- _Work order_: Retyping the records exactly is the whole task.

(Records for the task Opens)

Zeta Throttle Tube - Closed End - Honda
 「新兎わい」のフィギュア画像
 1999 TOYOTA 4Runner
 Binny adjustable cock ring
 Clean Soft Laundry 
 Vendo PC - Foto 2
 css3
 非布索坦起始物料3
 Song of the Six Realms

(Records for the task Closes)

- _Answer space_:
Zeta Throttle Tube - Closed End - Honda
 「新兎わい」のフィギュア画像
 1999 TOYOTA 4Runner
 Binny adjustable cock ring
 Clean Soft Laundry 
 Vendo PC - Foto 2
 css3
 非布索坦起始物料3
 Song of the Six Realms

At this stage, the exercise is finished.